Rainer Hönle schrieb:


> Auch von mir alles Gute zum Geburtstag. Aber woher hat AUDSUPERUSER die Geburtstags-Kristallkugel?


sowas weiß man... *ROFL*
Hoffentlich kommt mit dem Alter auch endlich die Vernunft!!!
Sonst sehe ich bald ganz schwarz 


von mir auch alles Gute!!!


Gruß,

dia


----------



## rostiger Nagel (7 Juli 2009)

Uni hat Geburtstag...wie alt wird der Heizer den....?

Ich wünsche alles gute und trink nicht wieder so viel, Herr Bürgermeister!

Gruß H.v.d.R.


----------



## MW (7 Juli 2009)

Von mir auch (nochmal) alles gute zum Geburtstag !!










Helmut_von_der_Reparatur schrieb:


> Uni hat Geburtstag...wie alt wird der Heizer den....?

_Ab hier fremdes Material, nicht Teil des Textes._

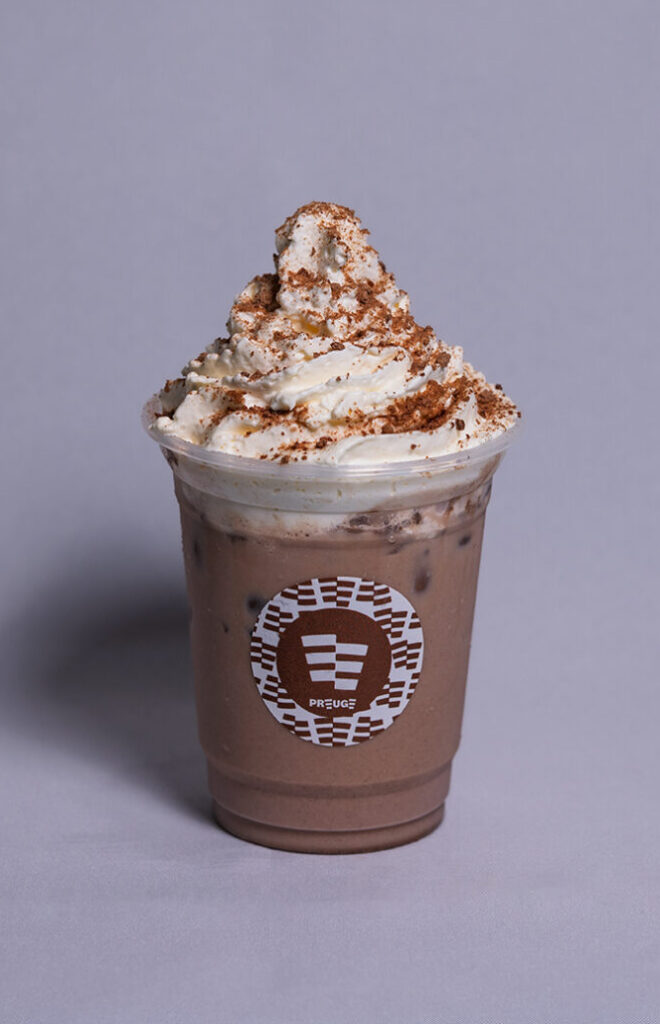 Ice Milo – Preuge Pastelería Eslovaca, Bucaramanga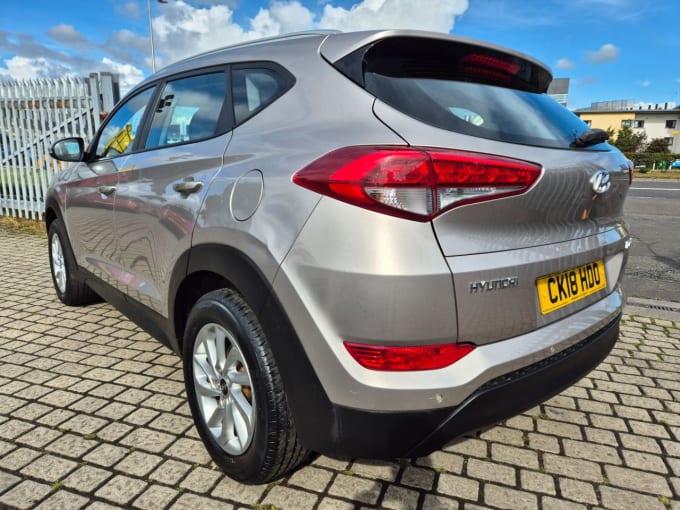2018 Hyundai Tucson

Wenn ich mich nicht verrechnet hab is es sogar ne Schnapszahl, und die eine Zahl ist eine 3


----------



## Hermann (7 Juli 2009)

von mir dann auch alles gute 

:sm24::sm24:


----------



## rostiger Nagel (7 Juli 2009)

MW schrieb:


> Von mir auch (nochmal) alles gute zum Geburtstag !!
> 
> 
> 
> ...





333 Jahre, ja das habe ich auch geschätzt!


----------



## lorenz2512 (7 Juli 2009)

hallo,
auch von mir alles gute, hoffentlich hast du werkzeug geschenkt bekommen und nichts zum anziehen.


----------



## Kai (7 Juli 2009)

Auch von mir alles Gute zum Geburtstag.

:sm20:

Gruß Kai


----------



## HaDi (7 Juli 2009)

:sm20:

Alles Gute wünscht HaDi


----------



## Paule (7 Juli 2009)

Von mir auch alles gute zum Geburtstag!

:sm24: :sm20:


----------



## crash (7 Juli 2009)

Na dann...
Alles Gute zum Geburtstag!


----------



## kolbendosierer (8 Juli 2009)

Auch von mir noch alles gute!!!


----------



## Larry Laffer (8 Juli 2009)

Hallo Heizer,
von mir dann auch mal (nachträglich)
*Alles Gute* und :sm20:


----------



## Cerberus (8 Juli 2009)

Von mir nachträglich auch noch Alles Gute!! :sm20:


----------